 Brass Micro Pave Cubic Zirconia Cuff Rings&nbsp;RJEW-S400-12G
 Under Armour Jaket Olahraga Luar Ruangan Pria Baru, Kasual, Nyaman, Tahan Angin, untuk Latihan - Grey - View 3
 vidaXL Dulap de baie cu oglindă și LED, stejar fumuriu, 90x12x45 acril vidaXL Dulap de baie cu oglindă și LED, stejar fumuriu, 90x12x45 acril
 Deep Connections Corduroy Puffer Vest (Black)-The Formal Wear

.....

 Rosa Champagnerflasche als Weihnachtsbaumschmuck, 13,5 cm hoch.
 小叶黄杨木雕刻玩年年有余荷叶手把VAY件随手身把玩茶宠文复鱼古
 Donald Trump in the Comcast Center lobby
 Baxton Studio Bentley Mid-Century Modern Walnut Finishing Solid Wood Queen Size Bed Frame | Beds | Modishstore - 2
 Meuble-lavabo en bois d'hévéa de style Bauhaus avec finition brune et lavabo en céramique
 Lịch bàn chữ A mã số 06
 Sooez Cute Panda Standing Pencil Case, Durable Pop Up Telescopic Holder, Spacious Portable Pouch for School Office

.....

Goal of the exercise:
Find where the line with "Brass Micro Pave" sits in the material above, then copy exactly from it through the line with "Deep Connections Corduroy". Add no other line.

Solution to this task:
 Brass Micro Pave Cubic Zirconia Cuff Rings&nbsp;RJEW-S400-12G
 Under Armour Jaket Olahraga Luar Ruangan Pria Baru, Kasual, Nyaman, Tahan Angin, untuk Latihan - Grey - View 3
 vidaXL Dulap de baie cu oglindă și LED, stejar fumuriu, 90x12x45 acril vidaXL Dulap de baie cu oglindă și LED, stejar fumuriu, 90x12x45 acril
 Deep Connections Corduroy Puffer Vest (Black)-The Formal Wear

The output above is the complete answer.